What is the idiomatic Haskell way to check if one list contains all the values in another list?-CodePudding

My question is similar to How can i use haskell to check if a list contains the values in a tuple, but in my case, the list with values which must all be in my original list is the alphabet. It feels really messy to have 26 calls to elem, all ANDed together.

Is there any more concise way to check if a given list contains all of the elements in another list, where the other list is 26 items long?

CodePudding user response：

I like the answer by user1984, but it does leave implicit a bit the way you would handle non-alphabetic characters. Here's one that's almost as simple, but doesn't need extra code to handle non-alphabetic characters.

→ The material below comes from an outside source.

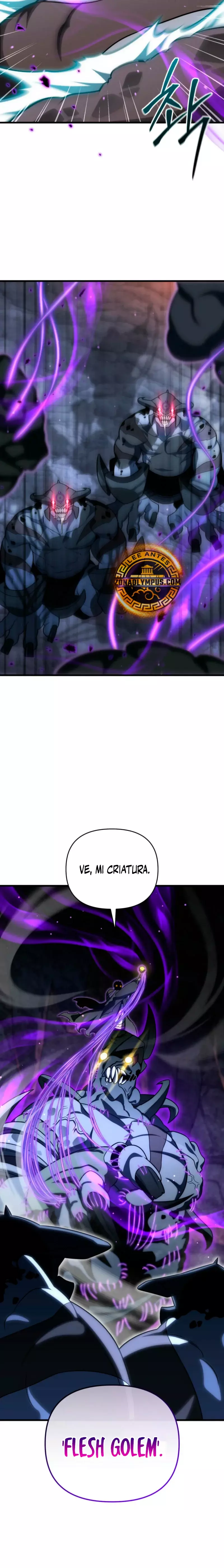 Read Jugador que regresó 10 000 años después ES Manga Online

The basic idea is to go the other direction; their answer builds up a set, this one tears one down by deleting one character at a time. It is also O(n), like theirs.

import qualified Data.Set as S

isPangram :: String -> Bool
isPangram = S.null . foldr S.delete (S.fromList ['a'..'z'])

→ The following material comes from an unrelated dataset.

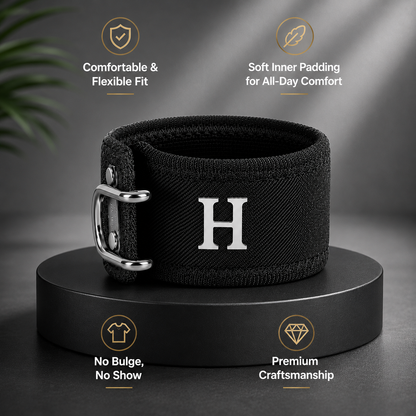ArchFlex™ - Buckle Less Belt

If you want case insensitivity, you can import Data.Char and change S.delete to (S.delete . toLower).

CodePudding user response：

My understanding is that you are trying to check whether a string is a pangram, meaning it contains all the [insert your preferred language] alphabet.

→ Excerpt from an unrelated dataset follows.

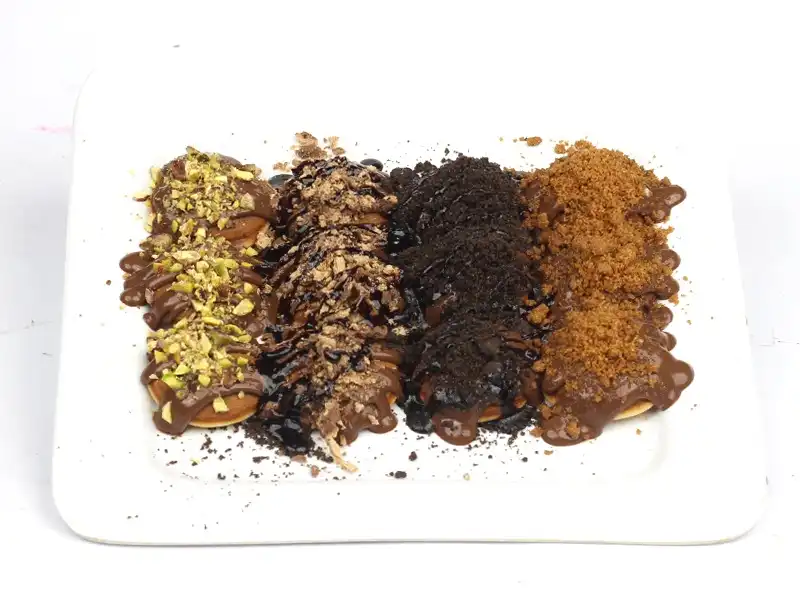 Mr cone special pancake Mr. Cone Special Pancake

The following code uses Data.Set. A set data structure can't contain duplicate elements by definition. We use this property of a set to count the number of elements that are in it after we added all the character from the string to it. If it's equal to the number of the alphabet we are working with, it means that the string contains all the characters of the alphabet, so it's a pangram.

Note that this code does not take care of the difference between lower and upper case letters and also counts white space and punctuation. This would give you wrong answers if there are any of these cases. With some tweaking you can make it work though.

The time complexity of this solution is n * log 26 which is just n in Big O, as Daniel Wagner pointed out. The reason is that while Haskell's default set is a balanced tree, the number of elements in the set never goes above 26, so it becomes linear. Using a hashing implementation of the set may result in some optimization for very large strings. The space complexity is constant since the additional space we are using never exceeds 26 characters.

import qualified Data.Set as S

isPangram :: [Char] -> Bool
isPangram s = length (S.fromList s) == 26

CodePudding user response：

This is based on Daniel Wagner's answer, but it finishes early if all the letters are found, whereas his walks the whole list, then works backwards deleting elements, then gives an answer when it gets back to the beginning.

import qualified Data.Set as S
import Data.Set (Set)

letters :: Set Char
letters = S.fromList ['a'..'z']

isPangram :: String -> Bool
isPangram xs0 = go xs0 letters
  where
    go :: String -> Set Char -> Bool
    go [] letters = S.null letters
    go (c : cs) letters =
      S.null letters || go cs (S.delete c letters)

You may be wondering why I match on the string first and check on letters under the match, instead of the other way around. Well, that's only because it's fun to rewrite this using foldr:

isPangram :: String -> Bool
isPangram xs0 = foldr step S.null xs0 letters
  where
    step :: String -> Set Char -> Bool
    step c r letters =
      S.null letters || r (S.delete c letters)

For something like the alphabet, Data.Set is not actually the most efficient way. It's better to use something like IntSet, which is much more compact and significantly faster.

import qualified Data.IntSet as S
import Data.IntSet (IntSet)

letters :: IntSet
letters = S.fromList (map fromEnum ['a'..'z'])

isPangram :: String -> Bool
isPangram xs0 = foldr step S.null xs0 letters
  where
    step :: String -> IntSet -> Bool
    step c r letters =
      S.null letters || r (S.delete (fromEnum c) letters)